A coupled experimental and thermodynamic assessment of the Mg-Bi-Sb and Zn-Bi-Sb ternary system and extrapolate to the Mg-Bi-Zn-Sb system

Abstract

The magnesium-bismuth-antimony (Mg-Bi-Sb) system as a promising system for developing the alloy-type anode of magnesium recharge batteries and creep-resistant magnesium alloys has drawn widespread attention. Additionally, zinc-bismuth-antimony (Zn-Bi-Sb) alloys are candidates of the advanced thermoelectric materials. Hereby, the phase equilibria and transformation temperatures of the Mg-Bi-Sb ternary system were studied via thermodynamic modeling coupled with key experiments. The isothermal section of the Mg-rich corner at 500°C in the Mg-Bi-Sb ternary system was experimentally constructed and no new ternary compound was observed in this work. The calculated phase equilibria of the Mg-Bi-Sb ternary system can reproduce most of the measured data in this work using the current optimized thermodynamic parameters.
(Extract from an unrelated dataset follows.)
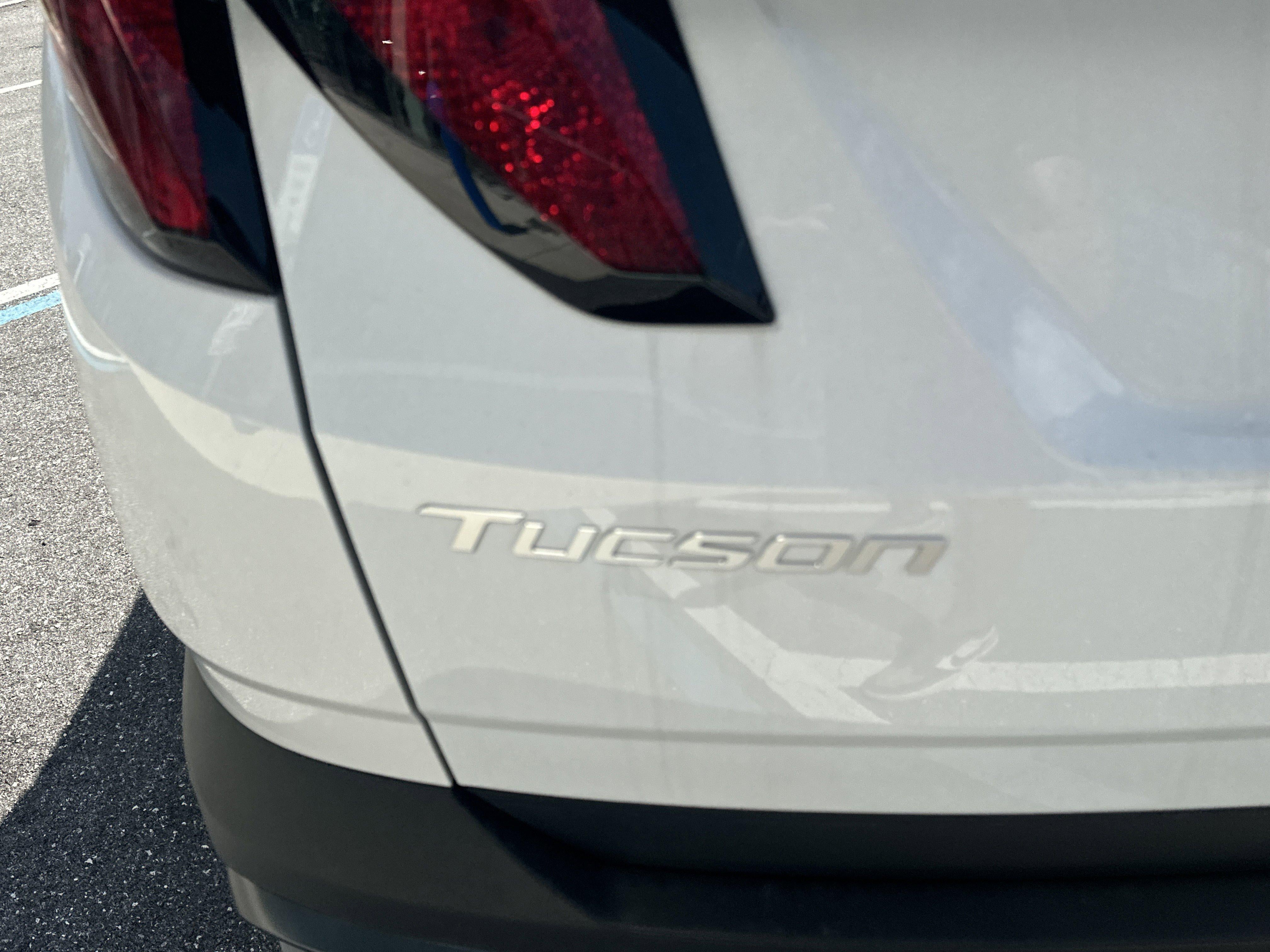 2026 Hyundai Tucson SE FWD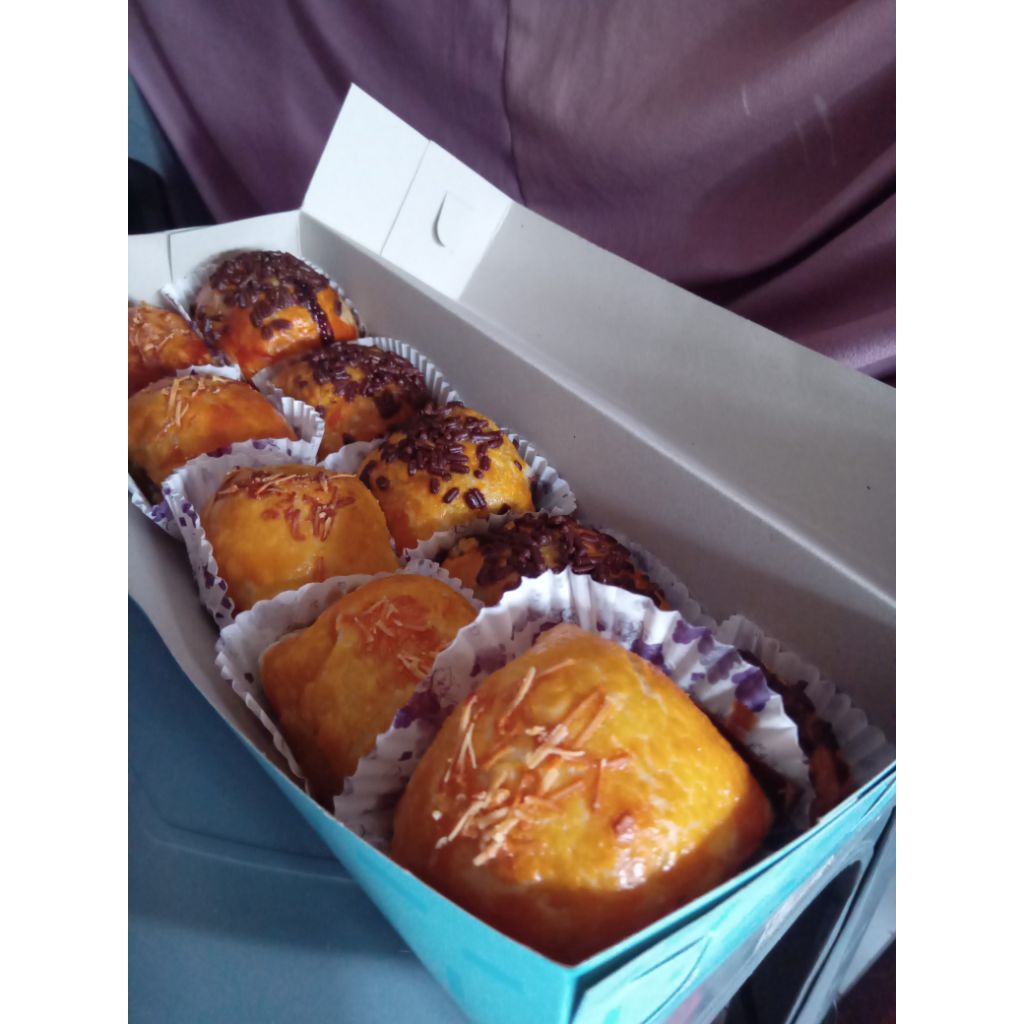 

PERTAMA DI INDONESIA. Bolen 8 varian Rasa( coklat,keju,tiramisu,taro,matcha,strawberry, crunchy,capucino) 1 Box isi 10 pcs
Meanwhile, the binary Zn-Sb and ternary Zn-Bi-Sb systems were re-assessed based on the available literature data, respectively. A set of self-consistent parameters describing the ternary Zn-Bi-Sb system were achieved, and the present calculated results are in good agreement between phase equilibria as well as thermodynamic properties. The tentative Mg-Zn-Sb and Mg-Bi-Zn-Sb systems were then developed using the extrapolation method.